Data for processing:
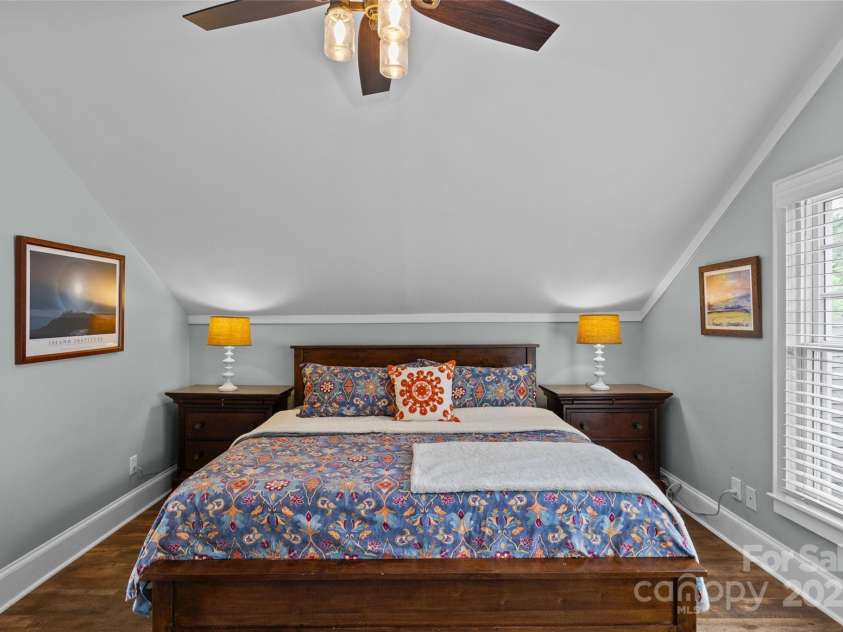 1729 Kensington Drive, Charlotte, NC 28205.  MLS# CAR4263350, YatesRealty ID 18561. 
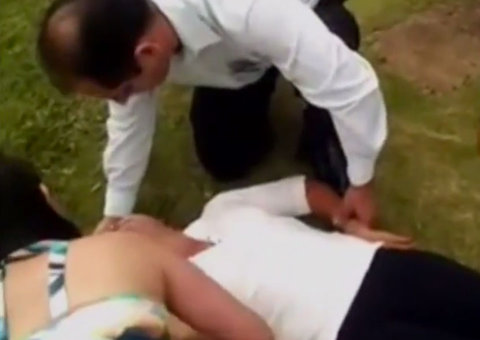 Cavalete de candidato provoca acidente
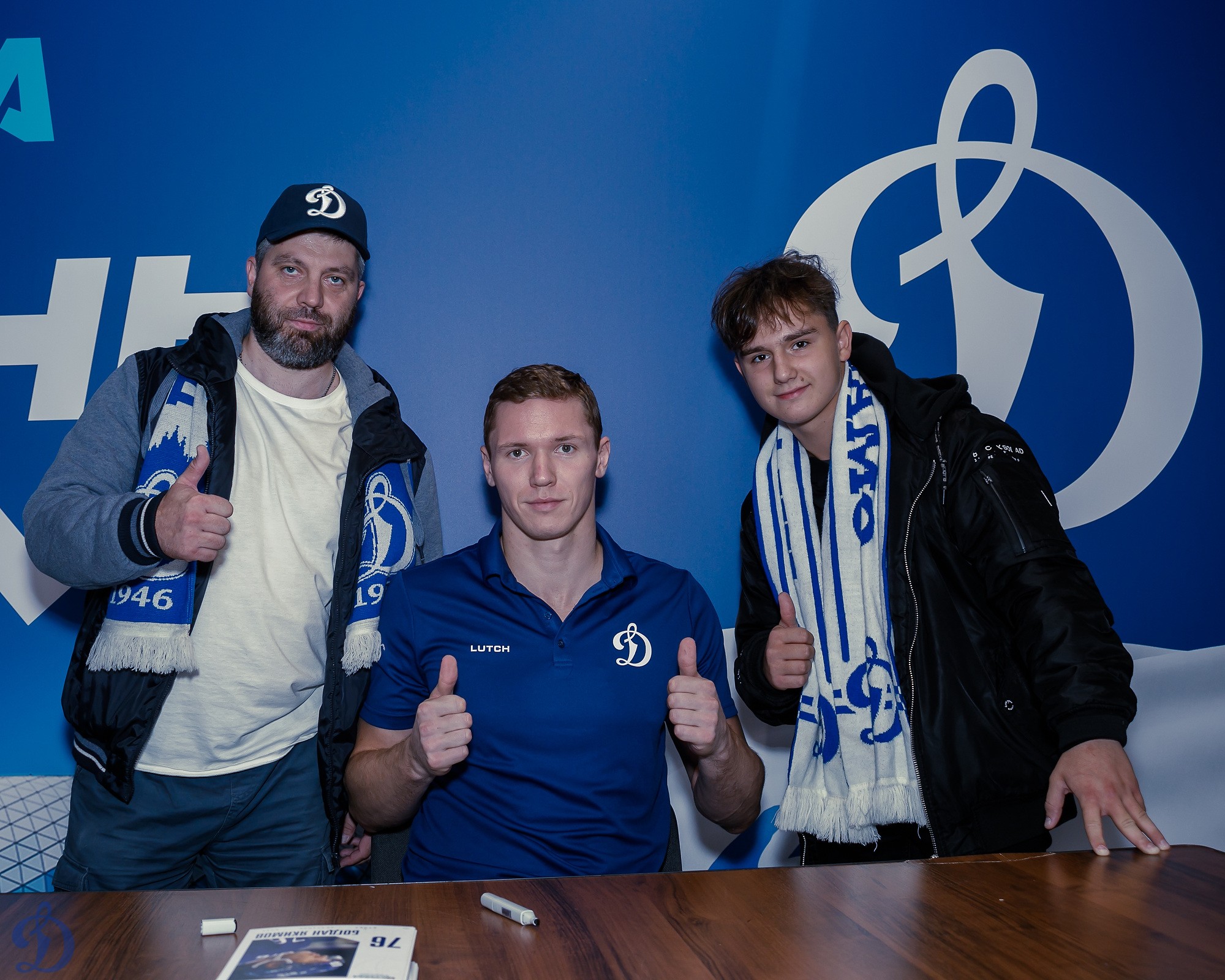 Sportcast vk хоккей. Динамо Москва. Хк Динамо. Динамо АК Барс Овечкин. АК Барс игра фото с трибуны.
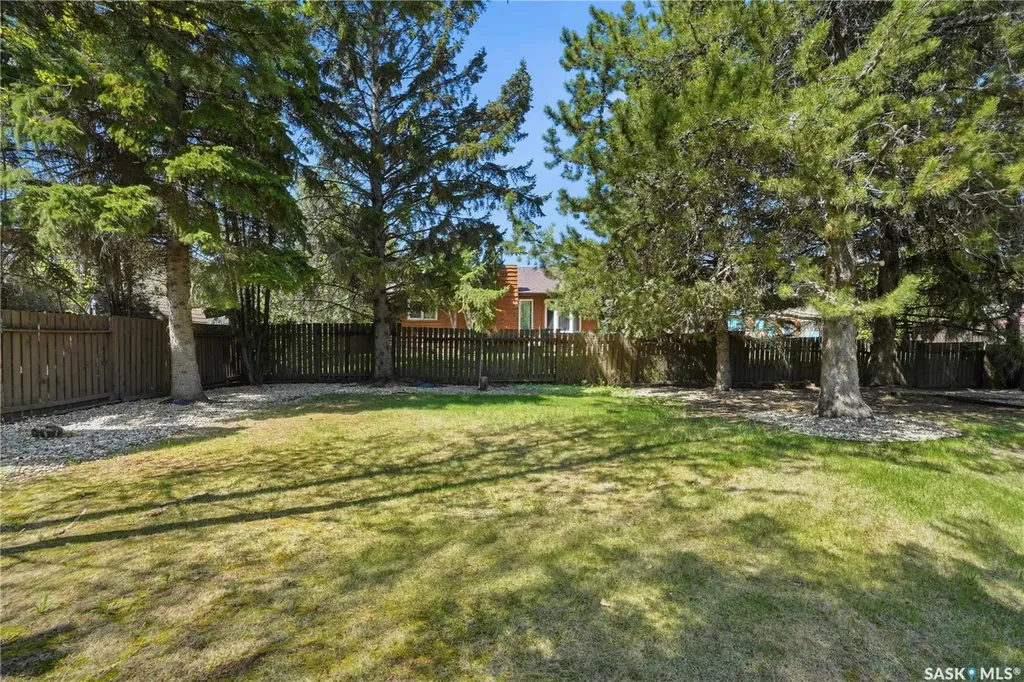 719 Wakaw Terrace Saskatoon SK S7J 4C1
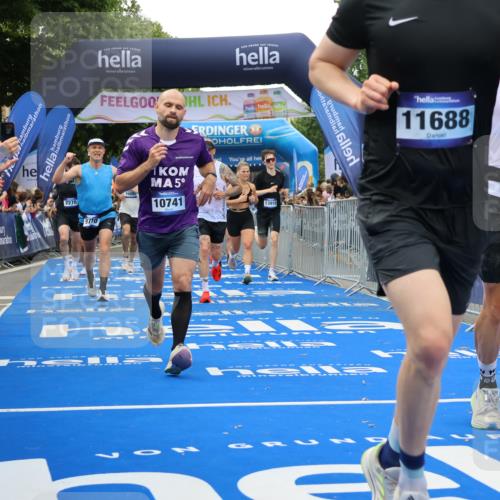 29.06.2025 - hella hamburg halbmarathon Strokosch-Dieckow http://msf.ph/oto/8490685 29.06.2025 10:45:04 Ziel 1171, 1424, 2270, 3917, 4997, 6266, 6575, 6819, 7087, 7709, 7843, 9302, 9710, 10313, 10741, 11688, 13919, 15334, 15365, 15651, 16058, 16685, 16689, 17120, 17381, 17544, 17960, 18346, 18718 meine-sportfotos.de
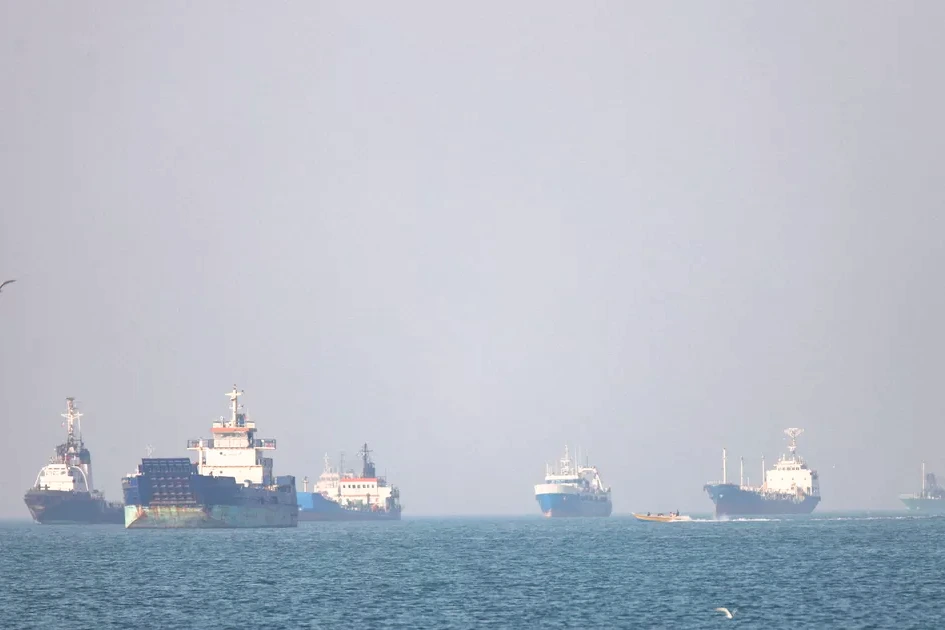 Navires cargo au mouillage dans le golfe, alignés près du port, illustrant les 1500 navires « piégés » selon l’OMI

Assignment:
Write out the data exactly, and exclude every picture it holds.

Your solution:
 1729 Kensington Drive, Charlotte, NC 28205.  MLS# CAR4263350, YatesRealty ID 18561. 
 Cavalete de candidato provoca acidente
 Sportcast vk хоккей. Динамо Москва. Хк Динамо. Динамо АК Барс Овечкин. АК Барс игра фото с трибуны.
 719 Wakaw Terrace Saskatoon SK S7J 4C1
 29.06.2025 - hella hamburg halbmarathon Strokosch-Dieckow http://msf.ph/oto/8490685 29.06.2025 10:45:04 Ziel 1171, 1424, 2270, 3917, 4997, 6266, 6575, 6819, 7087, 7709, 7843, 9302, 9710, 10313, 10741, 11688, 13919, 15334, 15365, 15651, 16058, 16685, 16689, 17120, 17381, 17544, 17960, 18346, 18718 meine-sportfotos.de
 Navires cargo au mouillage dans le golfe, alignés près du port, illustrant les 1500 navires « piégés » selon l’OMI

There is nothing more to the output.